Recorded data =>
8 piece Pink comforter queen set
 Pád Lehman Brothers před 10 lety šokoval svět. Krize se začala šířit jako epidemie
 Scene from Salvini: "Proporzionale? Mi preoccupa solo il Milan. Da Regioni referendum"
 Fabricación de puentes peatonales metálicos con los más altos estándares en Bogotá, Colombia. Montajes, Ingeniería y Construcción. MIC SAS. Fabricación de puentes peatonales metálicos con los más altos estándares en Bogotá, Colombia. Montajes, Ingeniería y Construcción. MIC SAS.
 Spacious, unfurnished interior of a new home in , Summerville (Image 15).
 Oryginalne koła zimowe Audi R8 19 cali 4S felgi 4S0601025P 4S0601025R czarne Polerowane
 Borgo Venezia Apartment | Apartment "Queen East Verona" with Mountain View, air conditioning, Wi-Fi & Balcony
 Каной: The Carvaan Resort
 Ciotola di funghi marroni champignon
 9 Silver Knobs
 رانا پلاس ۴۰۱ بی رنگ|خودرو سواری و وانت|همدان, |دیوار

YOUR ASSIGNMENT => Only the lines from the one that contains "9 Silver Knobs" to the end of the data should be output, exactly as they appear.

EXERCISE RESPONSE =>
 9 Silver Knobs
 رانا پلاس ۴۰۱ بی رنگ|خودرو سواری و وانت|همدان, |دیوار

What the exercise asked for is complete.